Last Wednesday, Donald and I went to hear my friend Max Gladstone read from his new book Three Parts Dead, at the Harvard Book Store. I bought a copy of the book so Max could sign it (and so I could read it, obviously). I purchased the hardcover from the Harvard Book Store even though I would have preferred to buy the Kindle e-book. I have too many books, and I don’t have shelf space for all of them in my apartment. However, I was there, and I figured that the Harvard Book Store would be more likely to give Max the opportunity to do readings upon the release of future novels if they sold a lot of copies.
I paid $24.99 plus 6.25% sales tax for the hardcover, for a total of $26.55. Just out of curiosity, I checked the price on Amazon. $11.99 for the Kindle. $13.58 for the hardcover. Even if I didn’t fall for Amazon’s “buy more stuff you don’t need to get free shipping” ploy, it would have been only another $3.99 for shipping, for a total of $17.57.

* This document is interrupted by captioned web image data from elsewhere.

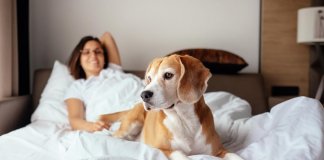 As mulheres dormem melhor com um cão do que com um homem, de acordo com o estudo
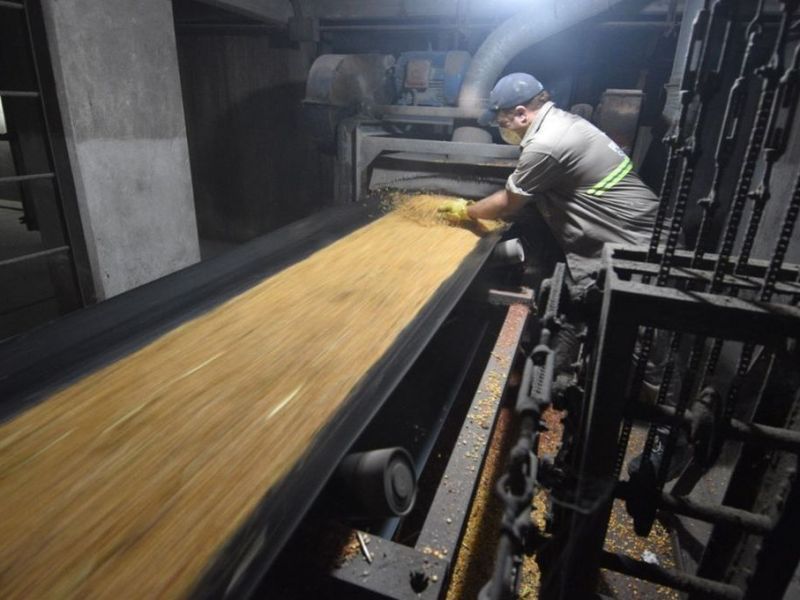 Cadenas agroindustriales tributaron 23,5% de lo que recaudó la Nación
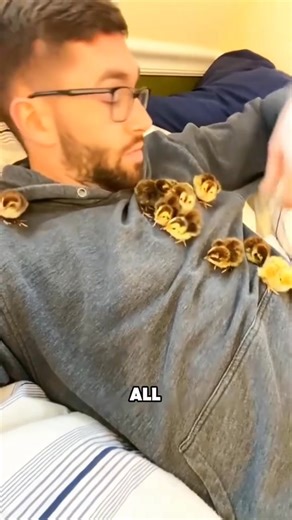 A group of cute little quails #tiktok #fyp #story #animals #cute #foryou | Animal Preview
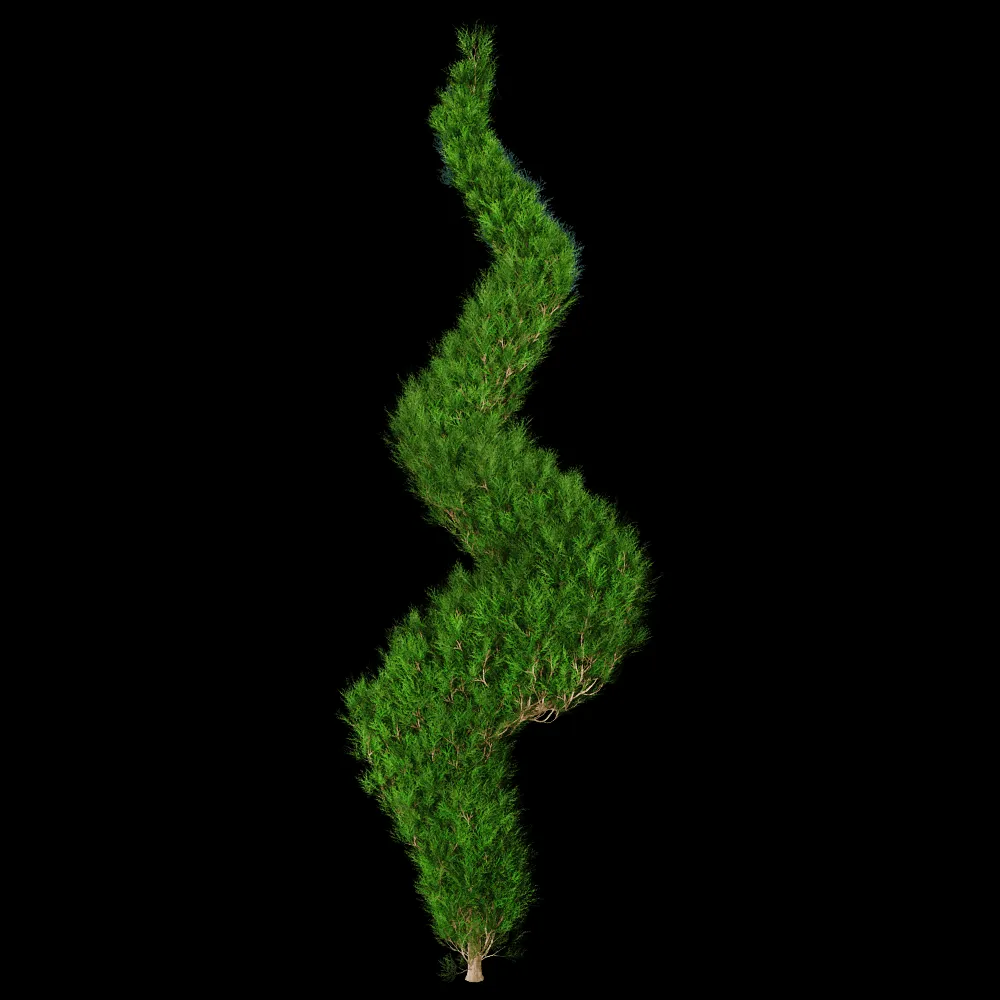 decoration – Platycladus Orientails 02 06 3ds Max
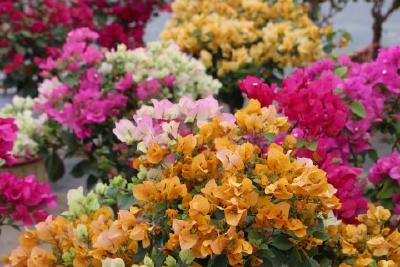 从零开始  “逅花缘”迎来春天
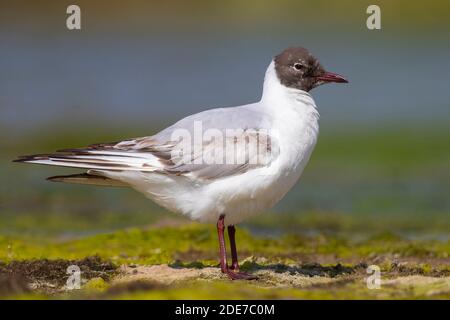 Black-headed Gull (Chroicocephalus ridibundus), side view of a 2nd summer juvenile, Campania, Italy Stock Photo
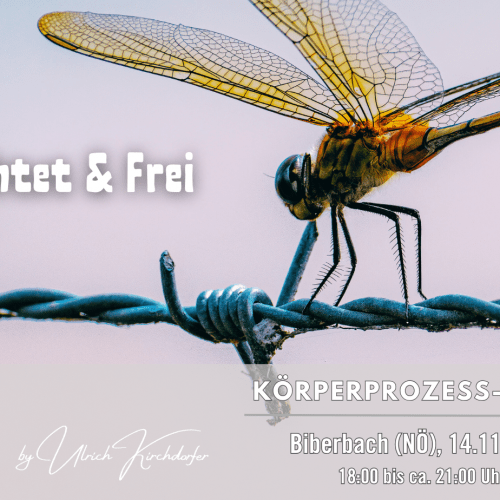 koerperprozess_biberbac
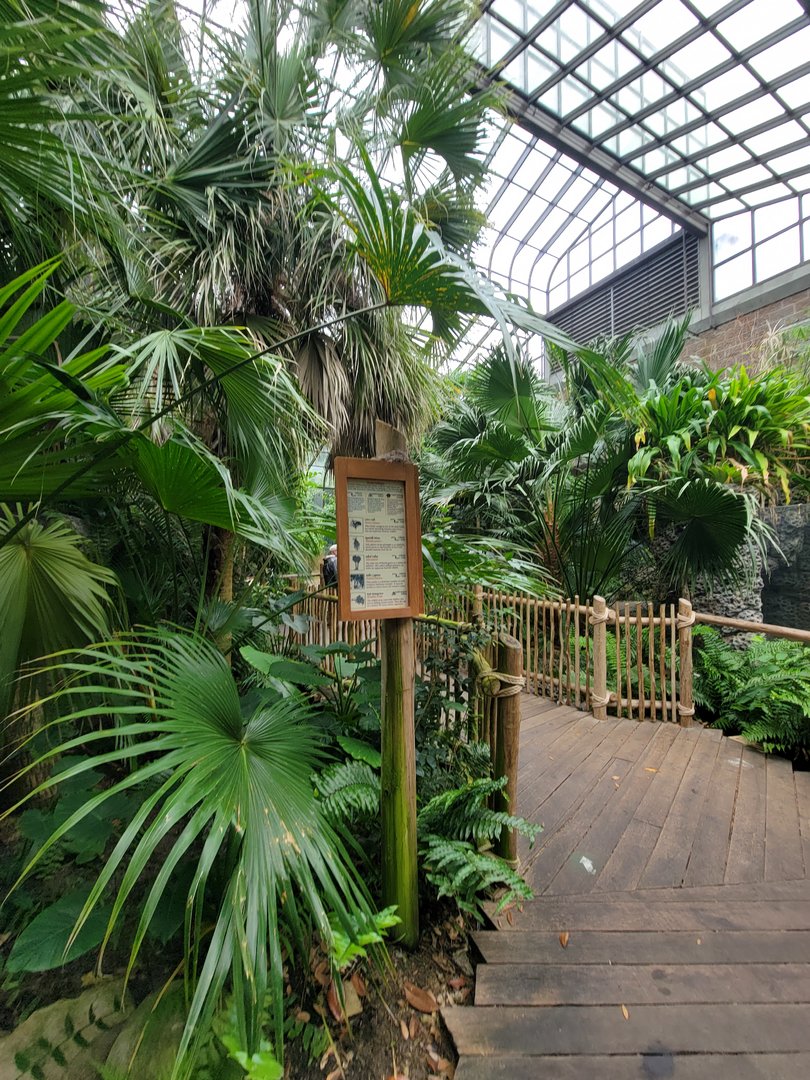 Cincinnati Zoo 5/22 - Manatee Springs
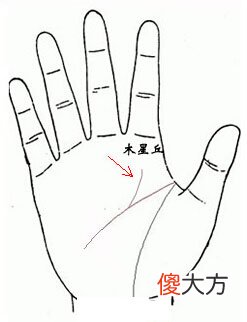 智慧线中间分叉图解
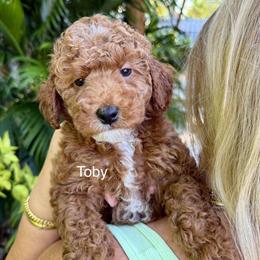 Mini Goldendoodle Puppies Ready for New Homes in Fort Lauderdale, fl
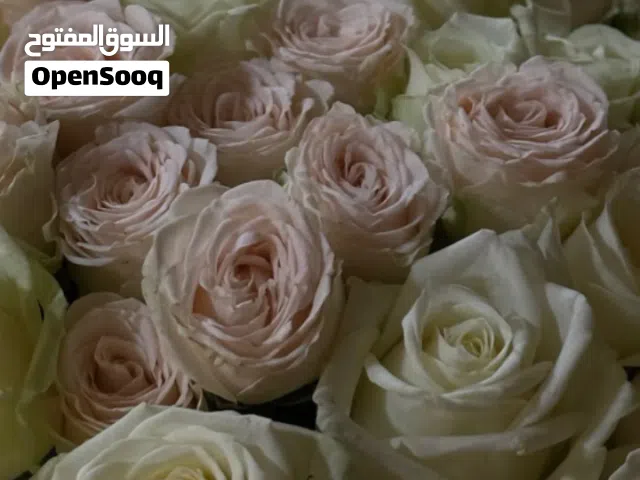 صالون اطلاله بحريه مع كافة المعدات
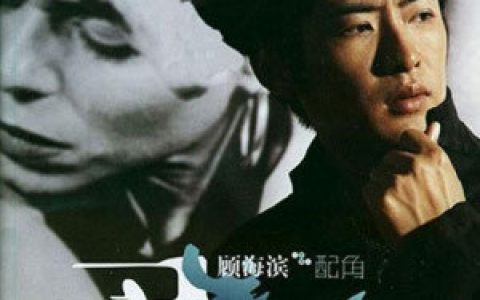 顾海滨歌曲:你这样的女孩歌词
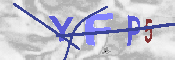 CAPTCHA Kép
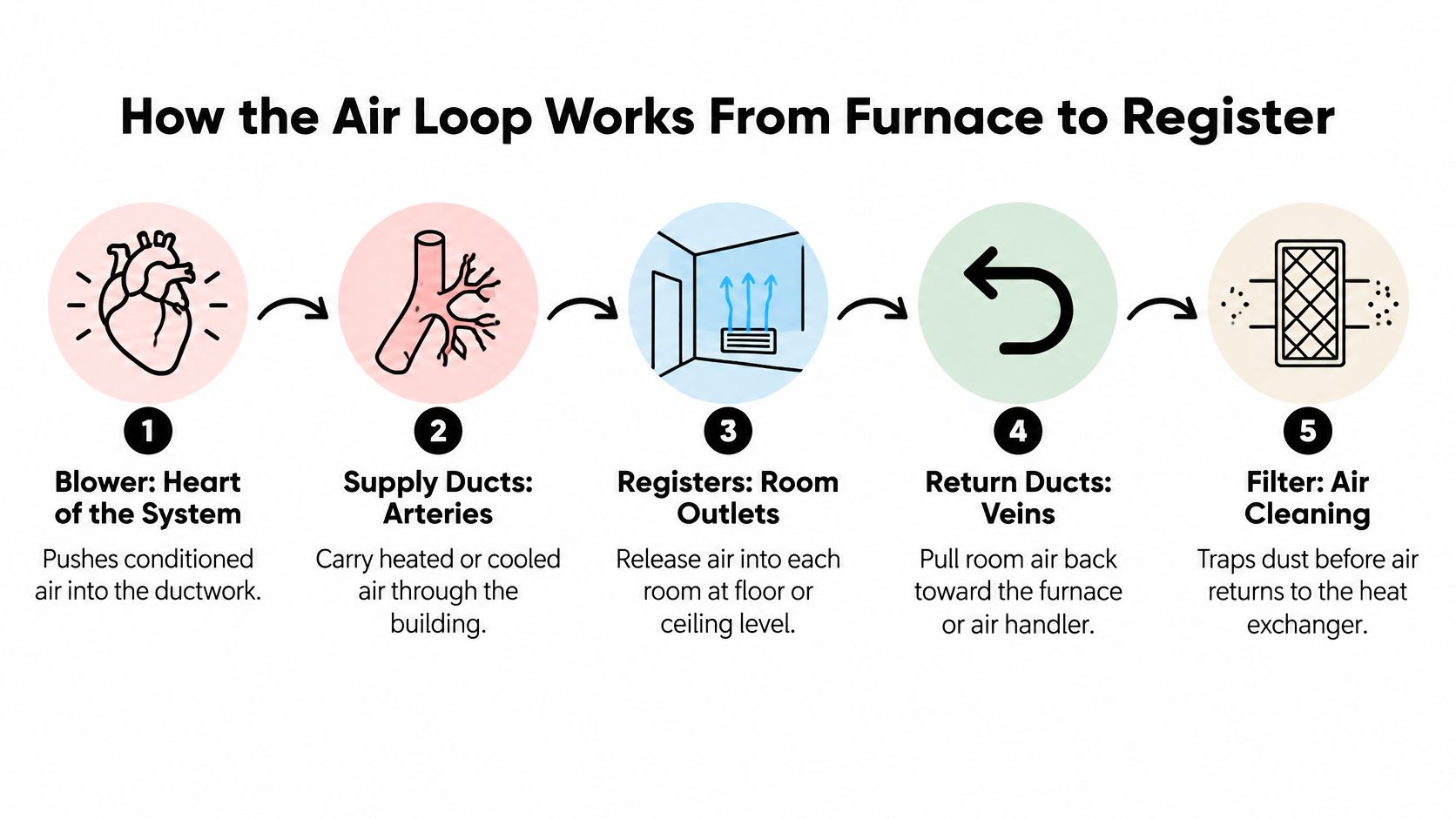 A diagram illustrating the air loop cycle of forced air heating and cooling systems from furnace to register.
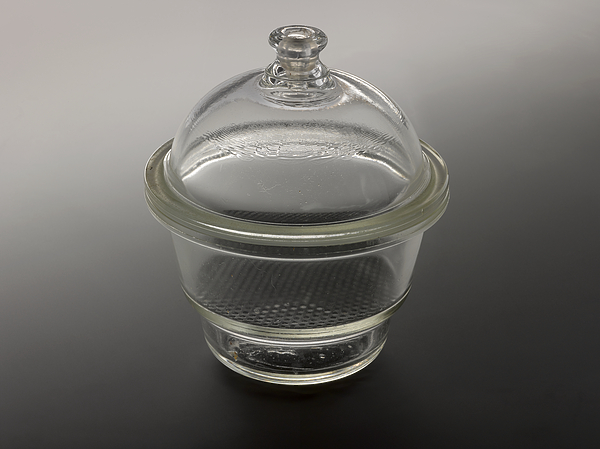 Happy Birthday Louise Brown!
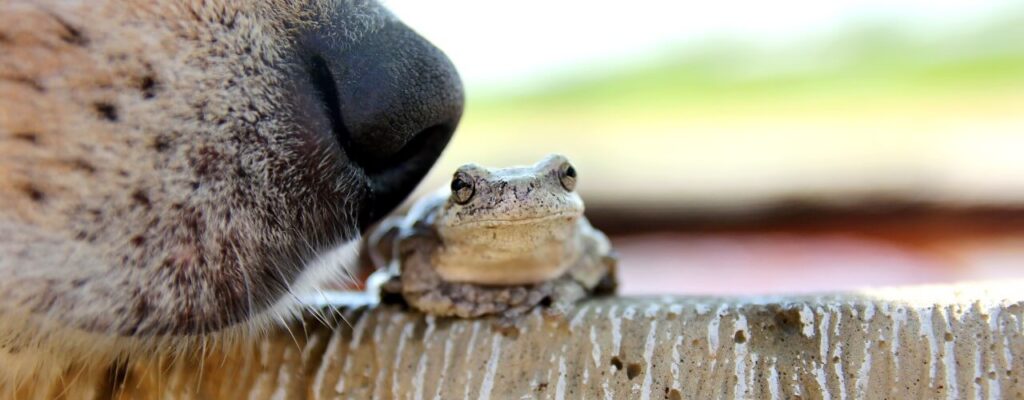 attachment-what-causes-a-lump-in-your-throat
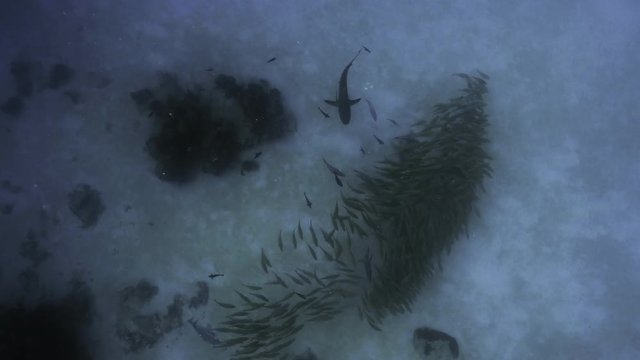Gray reefshark tracks schooling fishes, Palau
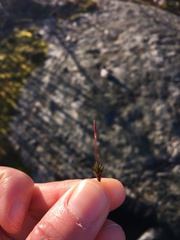 Polytrichum piliferum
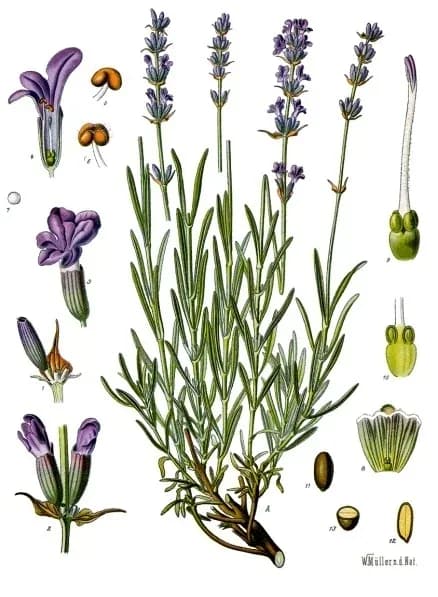 LAVANDULA OFFICINALIS FLOWER/(SARRACENIA LEUCOPHYLLA/SARRACENIA PURPUREA FLOWER/LEAF/STALK)/(HYPERICUM PERFORATUM/MELISSA OFFICINALIS FLOWER/LEAF/STEM)/CAMELLIA SINENSIS LEAF/(ELEUTHEROCOCCUS SENTICOSUS/LICORICE ROOT) EXTRACT 대표 사진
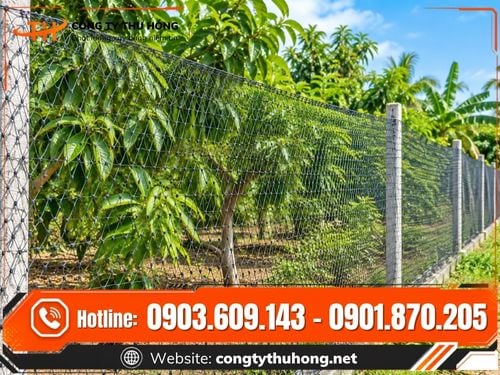 Lưới cước đen rào gà vịt Lưới cước đen rào gà vịt giao toàn quốc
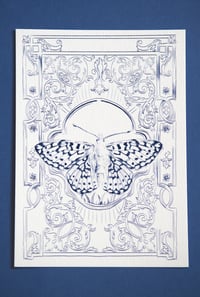 Image 1 of Papillon carte postale/butterfly postcard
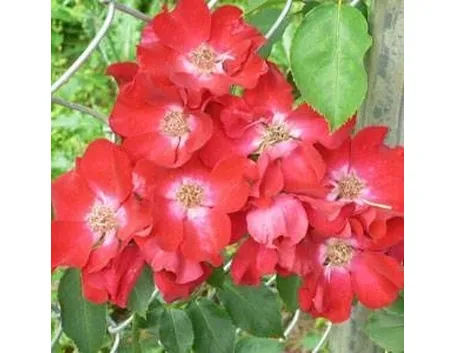 Rose tappezzanti
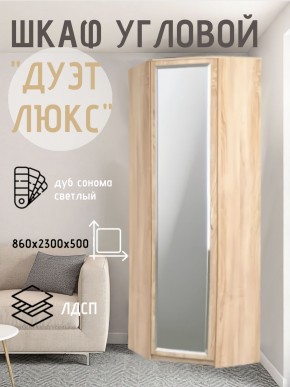 Шкаф угловой Дуэт Люкс с зеркалом в Троицке - troick.mebel24.online | фото 1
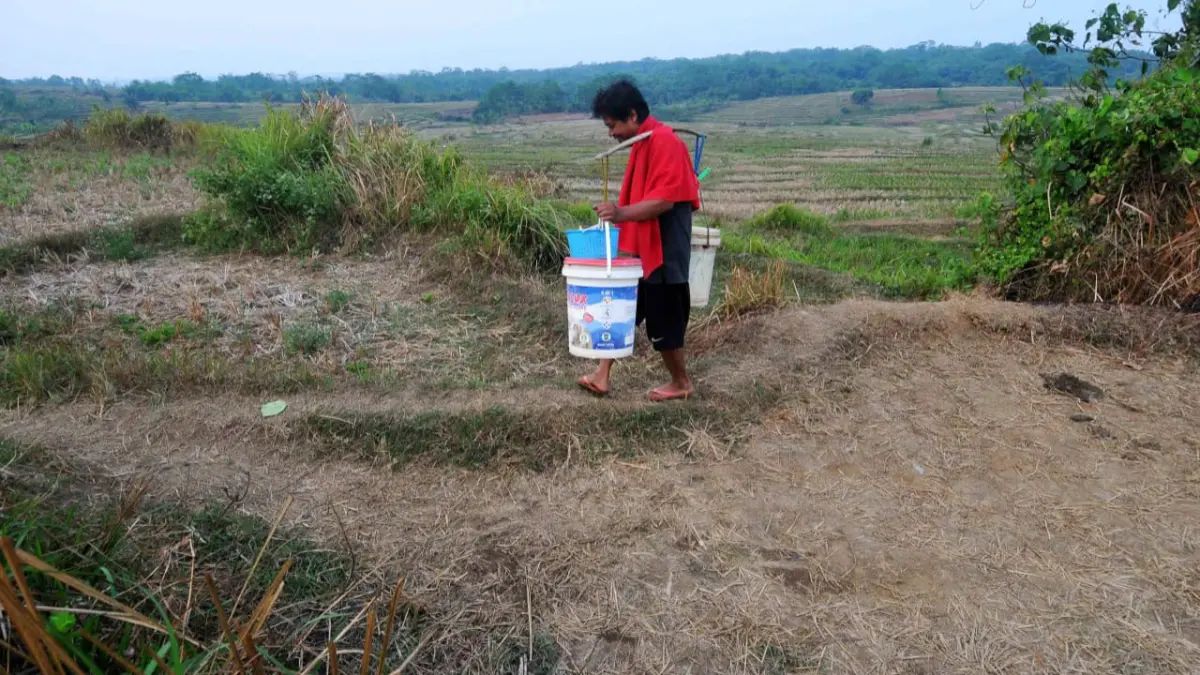 Area pesawahan di Kecamatan Tanjungsari, Kabupaten Bogor mengalami kekeringan. (Hendi Novian/Radar Bogor)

The Harvard Book Store has the following on the bottom of the register receipt I received:
How much money stays in your community when you spend $100?
At a locally owned business: $68
At a chain store: $43
At Amazon: $0
I do care about supporting local businesses (I buy most of my produce, at least late spring through fall, at a local farm. I buy most of my meat from a Massachusetts farmer.). I think independent bookstores are an asset to a community, in part because they can connect authors with readers, face-to-face, at events like Wednesday’s reading. I have serious concerns about Amazon, from their blatant attempts to monopolize bookselling and publishing, to reports of unfair labor practices in their warehouses. I don’t begrudge the Harvard Bookstore my $26.55.
But I question whether guilting people into buying things they didn’t want (hardcover vs. e-book), at a 50% premium, is, in the long term, a sustainable business model.